_Data provided_
***

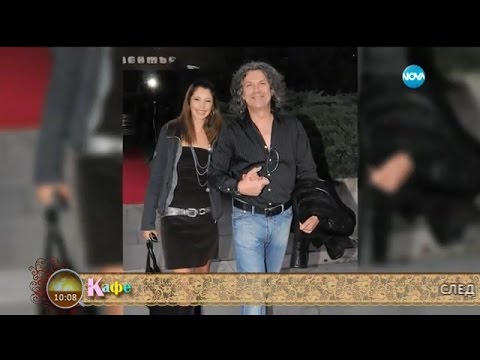 Видео: „На кафе” с Иван Лечев и Жени Александрова – Лечева (12.07.2016г.)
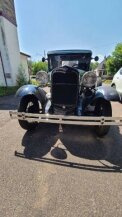1931 Ford Model A for sale 101917045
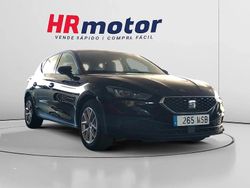 Negro Usado 2024 Seat Leon Style Utilitario | 17.990 € (Precio justo)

***

_Assigned task_
Copy every line above exactly; images stay out.

_Solution below_
 Видео: „На кафе” с Иван Лечев и Жени Александрова – Лечева (12.07.2016г.)
1931 Ford Model A for sale 101917045
 Negro Usado 2024 Seat Leon Style Utilitario | 17.990 € (Precio justo)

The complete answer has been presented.